Today, he says, he bears the “scar of abortion.”
“It’s not a wound anymore because of Jesus’ mercy,” he stressed. “Jesus’ mercy is the most wonderful medicine.”
He stressed that there is hope for those who have been involved in abortion.
“If you’re miserable out there and you’ve had scars with your own abortions or referring for abortions, are you in the doctor community, in the health care community, God’s mercy is here and he just loves you more than you know,” Bruchalski said.
Following the Supreme Court’s decision in June to overturn Roe v. Wade that leaves abortion policy up to the states, Bruchalski noted the pain, anger, and ugliness that he witnessed from abortion activists. He identified it as post-traumatic stress syndrome.
“It takes one to know one. That’s me,” he said. “My heart got hardened.”
While he grew up in a Catholic family that prayed the rosary every morning, he called himself a “man-pleaser” rather than a “God-fearer.”

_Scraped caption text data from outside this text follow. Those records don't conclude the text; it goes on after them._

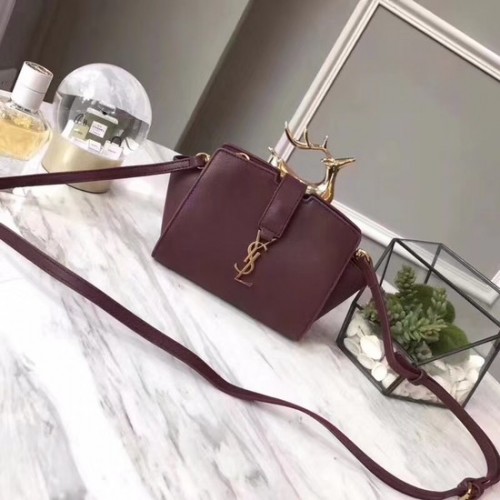 SAINT LAURENT Monogram Cabas малка кожена чанта за през рамо 3805 Винено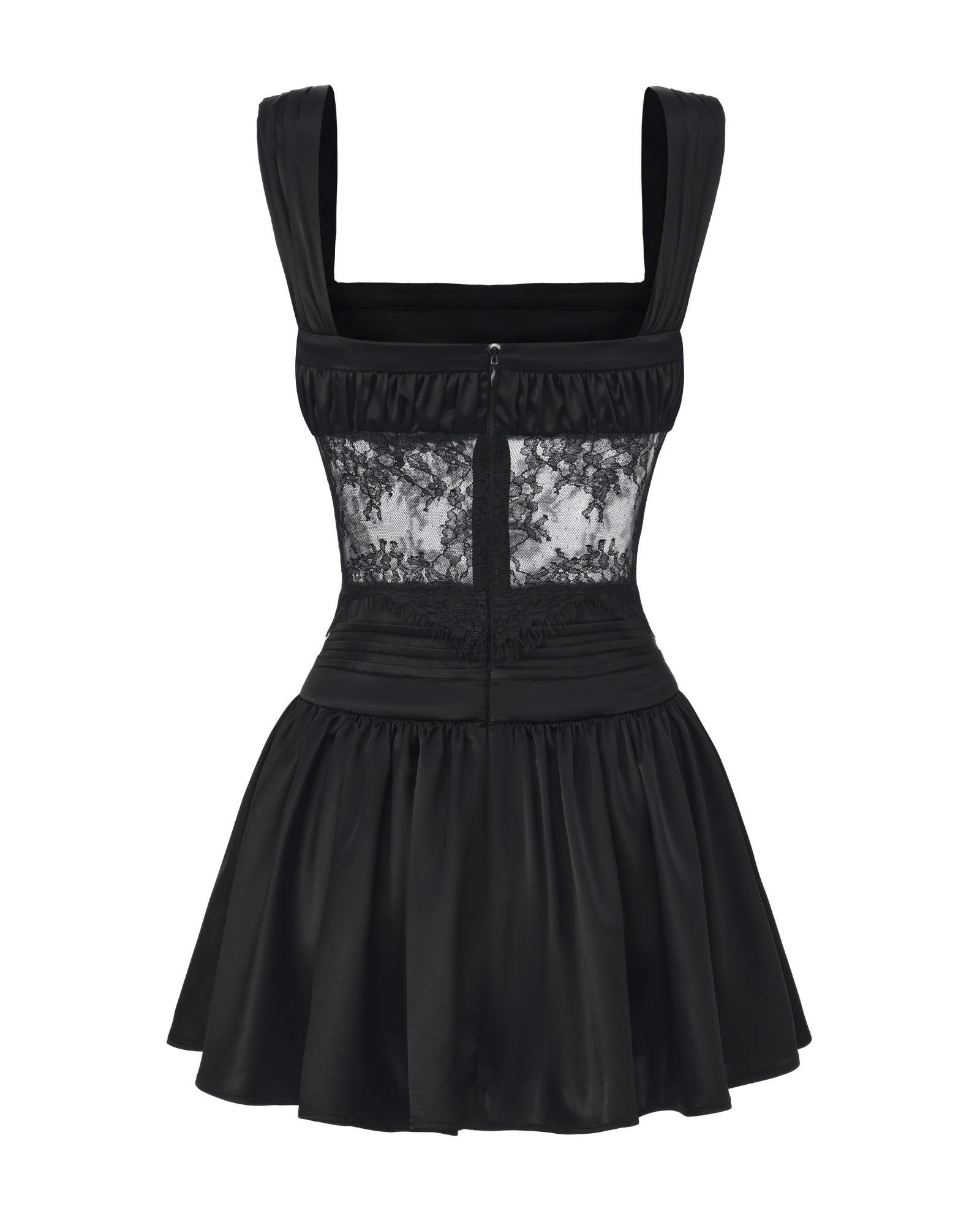 Black lace dress with silk material on a white background
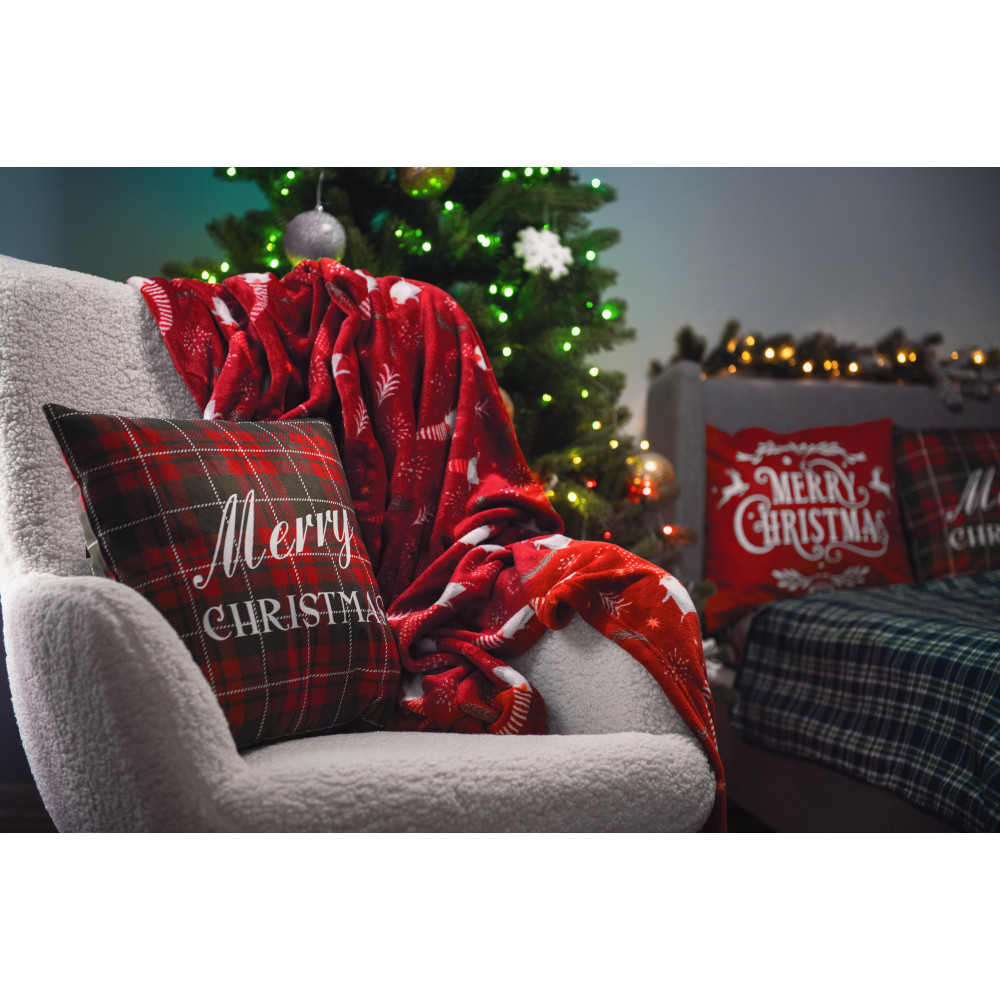 Подушка Ardesto Happy Holidays 45х45см, 100% полиэстер, клетка зелено-красная (ART1032HGR)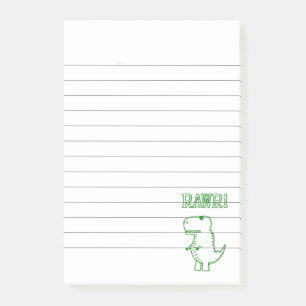 Notas Post-it® T Rex Enojado Verde Dino Liniado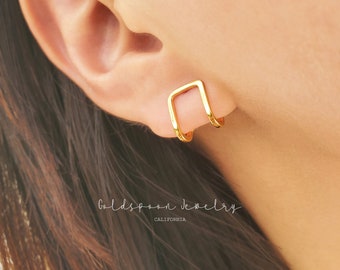 Square earrings - Ear jacket earrings - Huggie earrings - Simple earrings - Dainty earrings - Gold stud earrings - MYLAH EARRINGS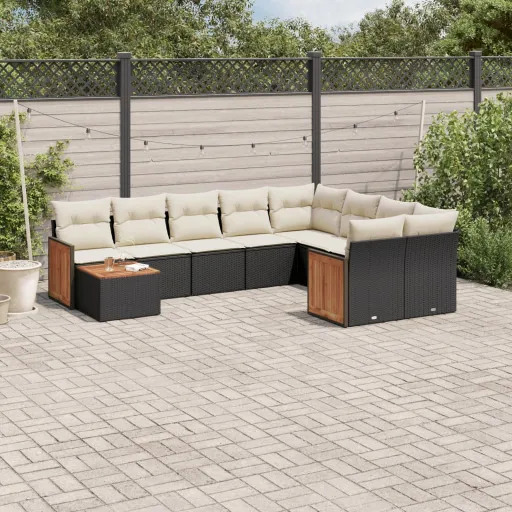 Conjunto Sofás de Jardim c/ Almofadões Vime PE Preto (10 pcs)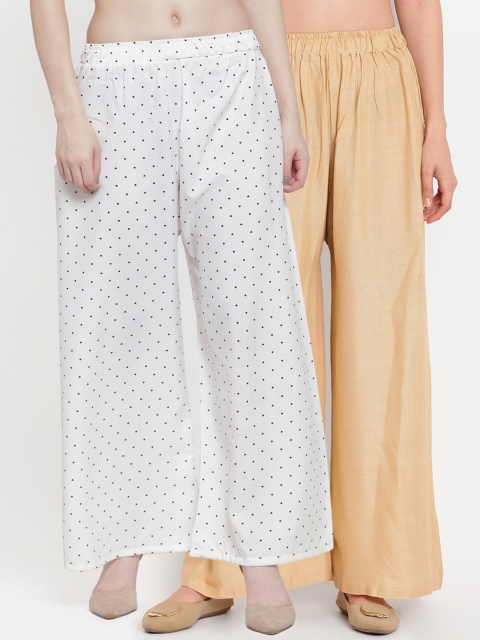 

TAG 7 Women Pack of 2 Printed Flared Palazzos, Beige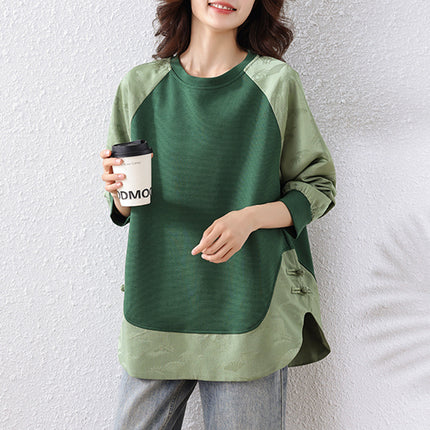 Real Shot of Green New Chinoiserie Jacquard Thin Sweatshirt for Women Spring and Autum Loose Large Size Fat mm Women's Splicing Top
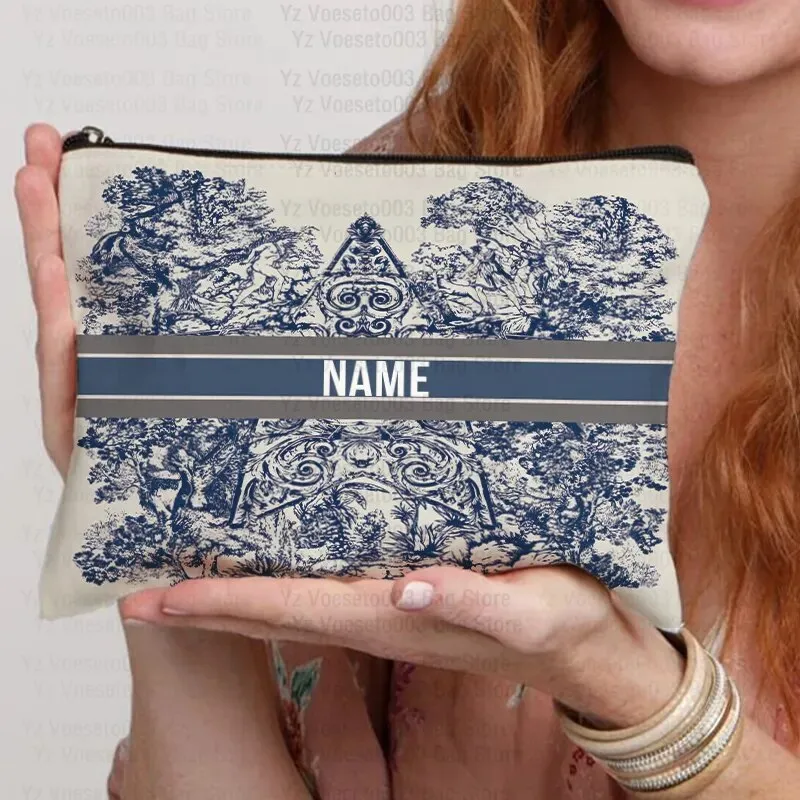 Custom Name Personalized Bag Women Canvas Cosmetic Makeup Bags Travel Toiletry Pouch School Pencil Case Supplies Teacher Gift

“And yet, as you do more and more abortions and you have to count body parts, and then you start killing sick children in the wombs of their mother,” he said, “the pain, the hardness of heart, the sharpness, it’s the opposite of being an excellent doctor.”
Today, he dedicates his life to providing life-affirming health care as the founder of Tepeyac OB-GYN and Divine Mercy Care. He named Tepeyac, he said, after the hill that Our Lady of Guadalupe appeared to St. Juan Diego in Mexico in the 16th century.
“I put it in there because the pressures in medicine and the pressures in life are to go woke and broke spiritually,” he explained. “We don’t believe that murdering and killing life, or always pitting mom against the baby.”
He stressed that doctors do not need to end an unborn baby’s life to save the mother’s.
(Story continues below)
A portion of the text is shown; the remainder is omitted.